Mol Neurodegener. 2009 Apr 6;4:16. doi: 10.1186/1750-1326-4-16.
Autophagy is the major pathway involved in the degradation of proteins and organelles, cellular remodeling, and survival during nutrient starvation. Autophagosomal dysfunction has been implicated in an increasing number of diseases from cancer to bacterial and viral infections and more recently in neurodegeneration. While a decrease in autophagic activity appears to interfere with protein degradation and possibly organelle turnover, increased autophagy has been shown to facilitate the clearance of aggregation-prone proteins and promote neuronal survival in a number of disease models. On the other hand, too much autophagic activity can be detrimental as well and lead to cell death, suggesting the regulation of autophagy has an important role in cell fate decisions. An increasing number of model systems are now available to study the role of autophagy in the central nervous system and how it might be exploited to treat disease. We will review here the current knowledge of autophagy in the central nervous system and provide an overview of the various models that have been used to study acute and chronic neurodegeneration.
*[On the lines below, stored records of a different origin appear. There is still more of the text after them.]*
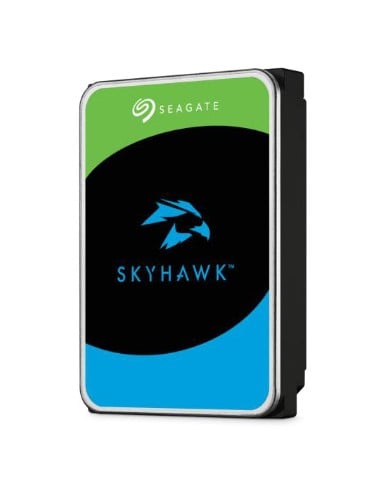 Hdd Seagate 1tb - Hdd St1000vx005 1tb 3 5in Sata 3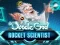 Spēle Doodle God: Raķešu zinātnieks online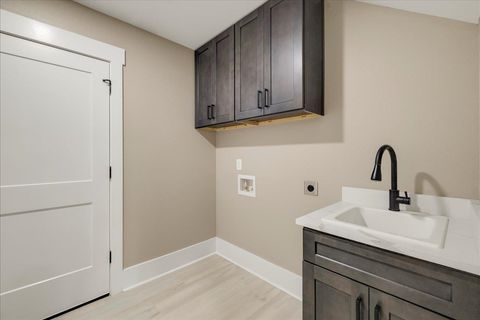 Tiny photo for 5681 Iola Cres Drive, Tallahassee, FL 32309 (MLS # 392287)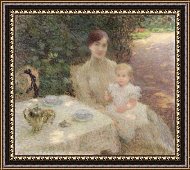 Buy Framed Print Buy Framed Print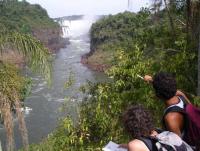 Iguazu_12.JPG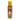 Wildlife Research Center Active-Branch Spray 3 Oz
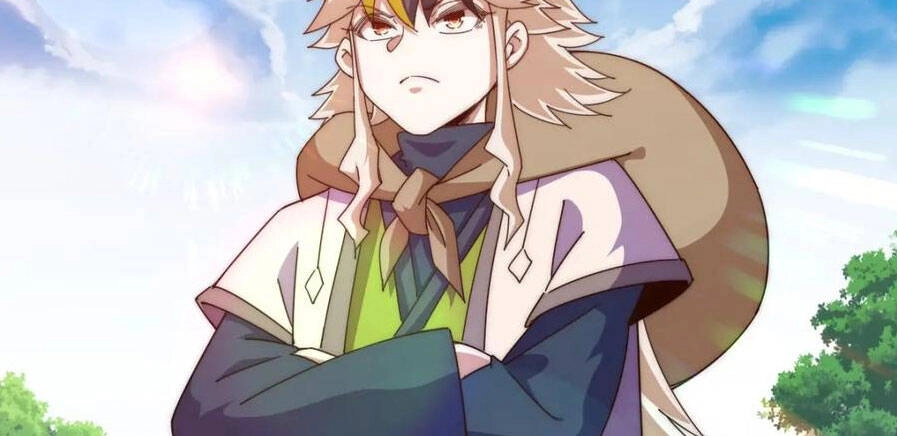 Người Trên Vạn Người Chapter 229 - 97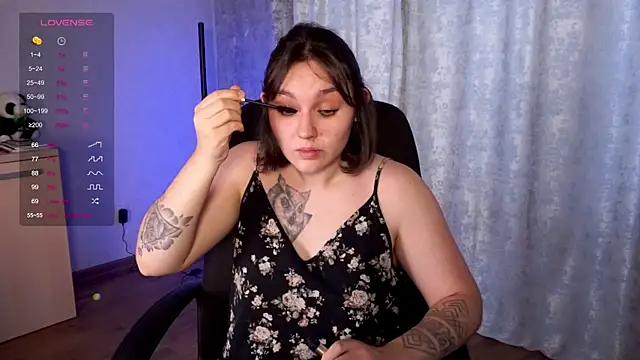 Hoot owl cb online show from October 16, 2025, 2:09 am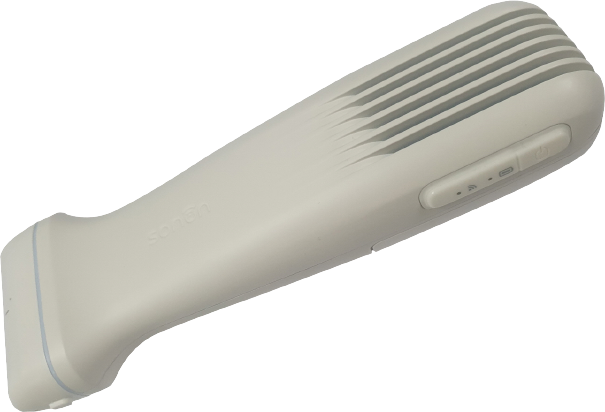 Healcerion Sonon 500L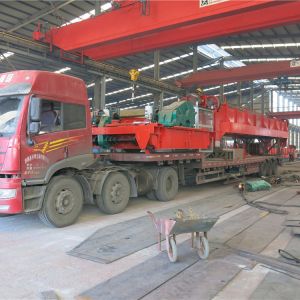 2017010076 �캣�� ��С܇���^���ؙCQD50��10-13.5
自噬是参与蛋白质和细胞器降解、细胞重塑以及营养饥饿期间存活的主要途径。越来越多的疾病,从癌症到细菌和病毒感染,最近甚至在神经退行性疾病中,都与自噬体功能障碍有关。虽然自噬活性的降低似乎会干扰蛋白质降解,可能还会影响细胞器的更新,但已经表明增加自噬可以促进易于聚集的蛋白质的清除,并在许多疾病模型中促进神经元存活。另一方面,过多的自噬活性也可能有害并导致细胞死亡,这表明自噬的调节在细胞命运决定中起着重要作用。现在有越来越多的模型系统可用于研究自噬在中枢神经系统中的作用以及如何利用它来治疗疾病。我们将在这里回顾中枢神经系统中自噬的现有知识,并概述用于研究急性和慢性神经退行性变的各种模型。